### [WHAT YOU NEED TO DO]
Would you please give every entry again exactly, without the pictures?

### [RECORDS FOR THIS TASK]
════════

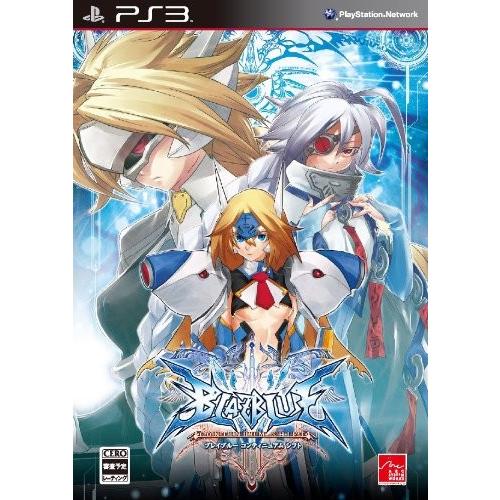 BLAZBLUE-CONTINUUMSHIFT-(ブレイブルーコンティニュアムシフト)LimitedBox 中古PS3｜dairihanbai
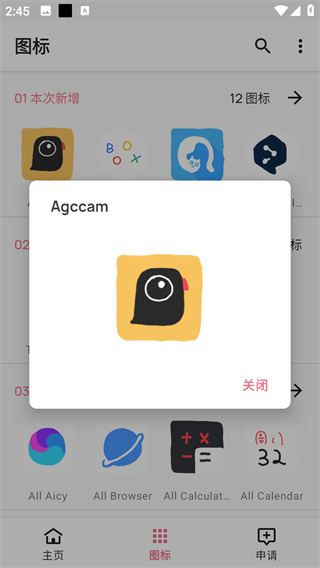 爱酱手绘图标包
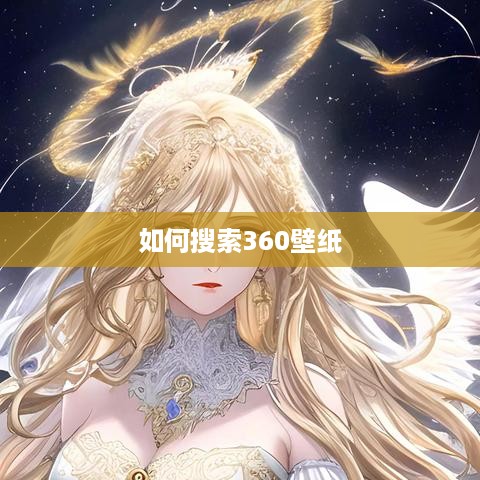 如何搜索360壁纸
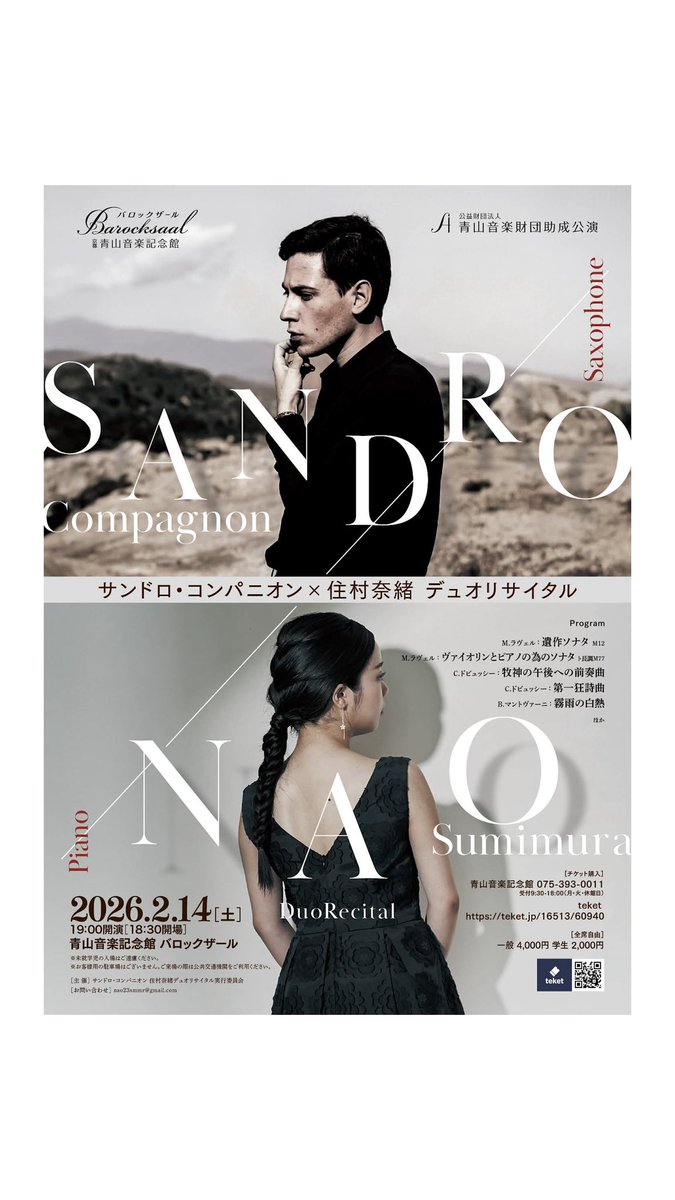 Sandro Compagnon tweet media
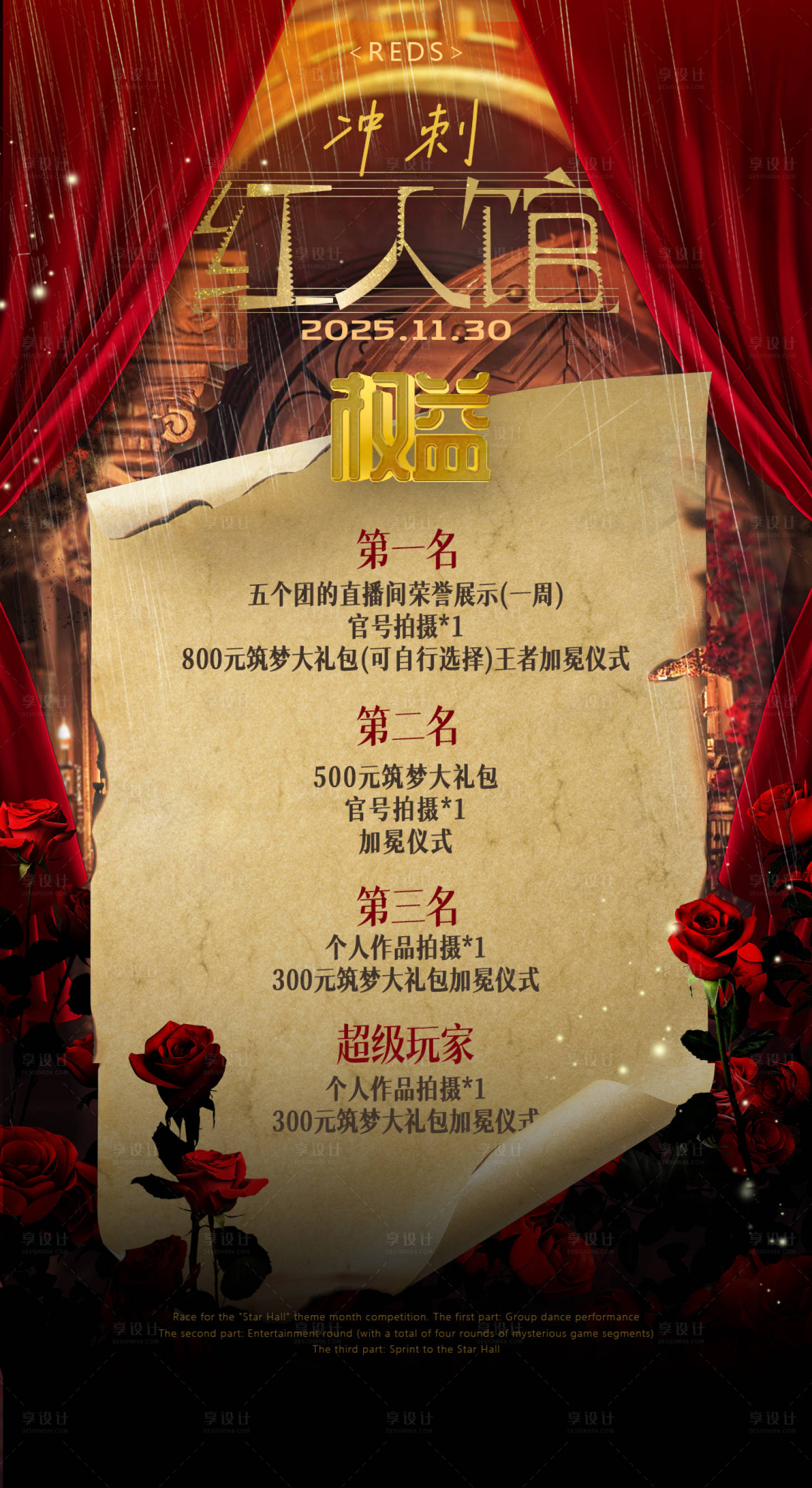 源文件下载【享设计】搜索编号：86860034309215056【团播公会赛周赛赛制海报】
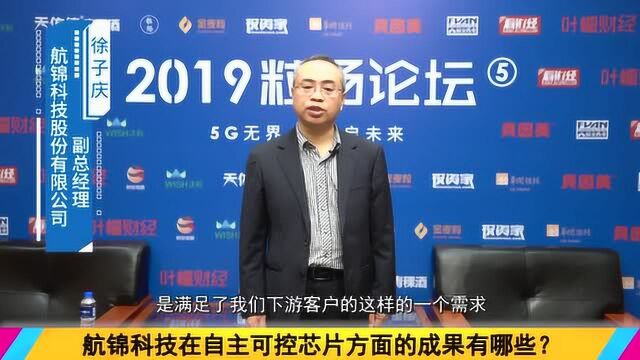 航锦科技副总经理徐子庆 :主抓两个产业 积极布局科创投资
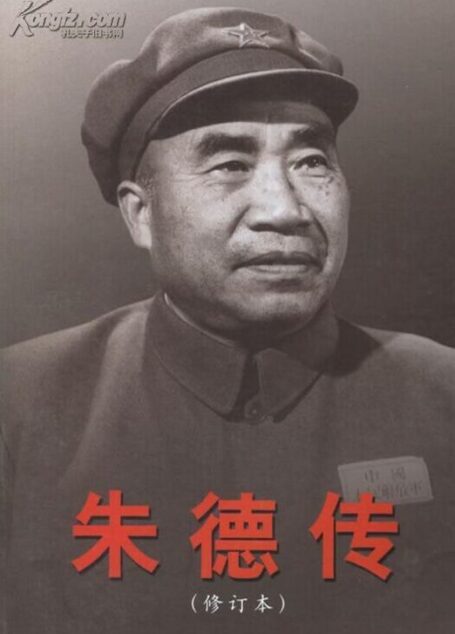 朱德传
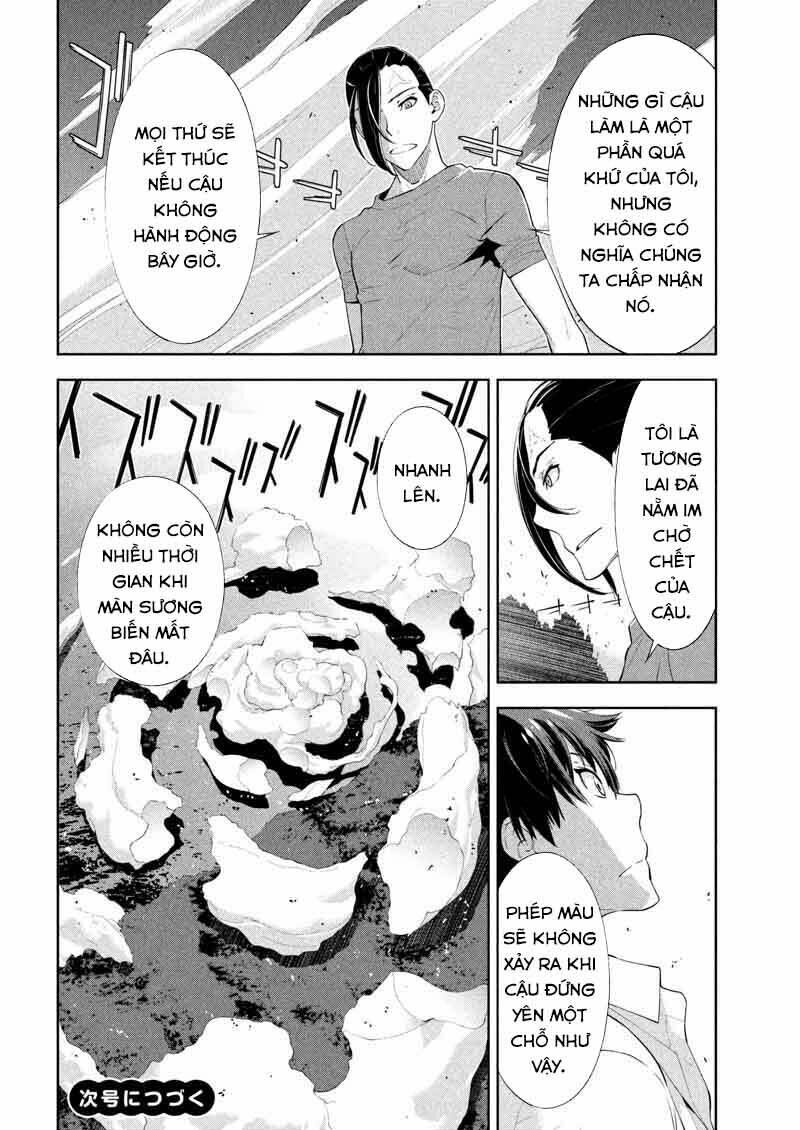 lets lagoon chapter 61 17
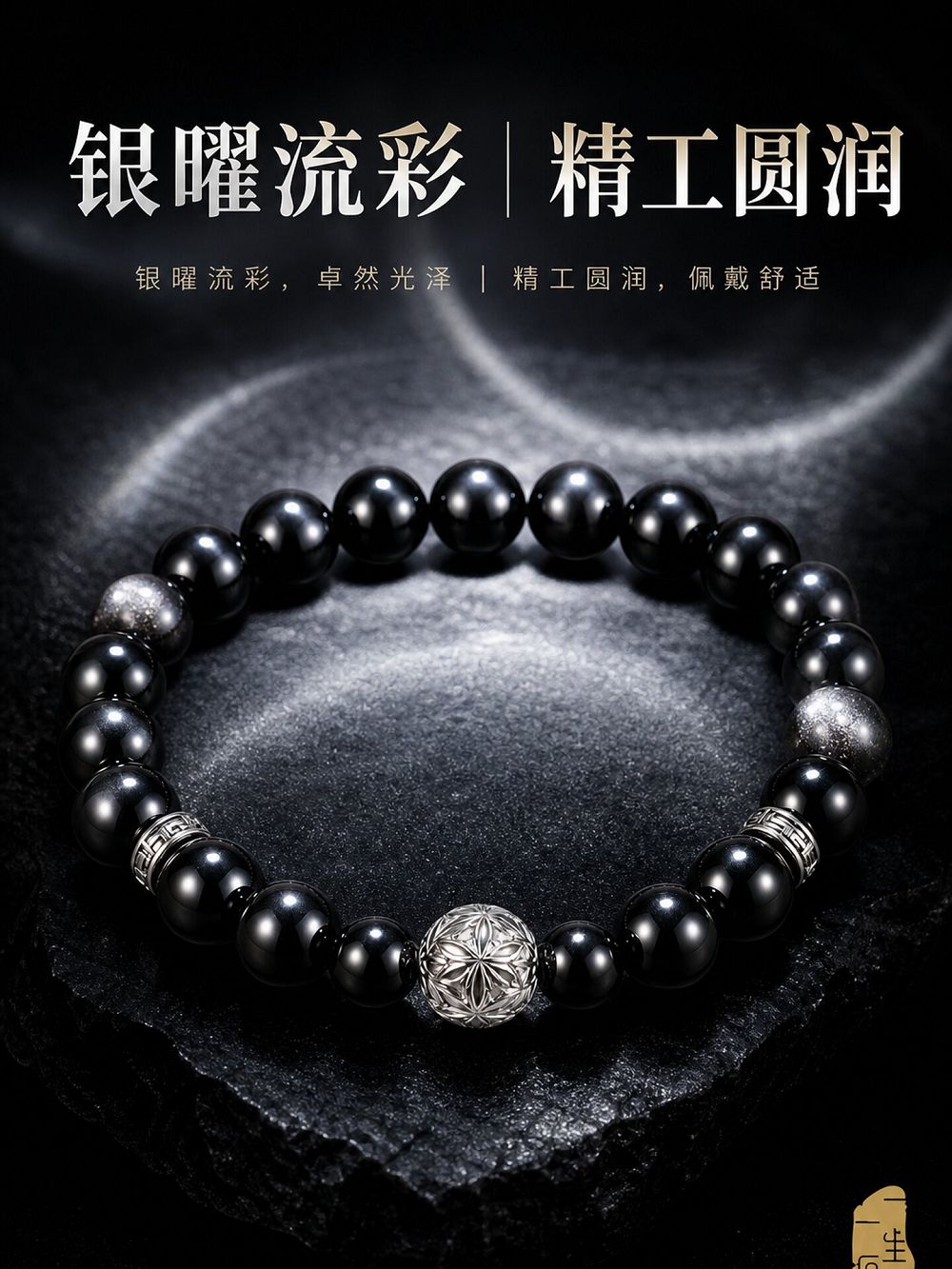銀曜石情緣繡球串珠手鏈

════════

### [EXPECTED ANSWER]
 BLAZBLUE-CONTINUUMSHIFT-(ブレイブルーコンティニュアムシフト)LimitedBox 中古PS3｜dairihanbai
 爱酱手绘图标包
 如何搜索360壁纸
 Sandro Compagnon tweet media
 源文件下载【享设计】搜索编号：86860034309215056【团播公会赛周赛赛制海报】
 航锦科技副总经理徐子庆 :主抓两个产业 积极布局科创投资
 朱德传
 lets lagoon chapter 61 17
銀曜石情緣繡球串珠手鏈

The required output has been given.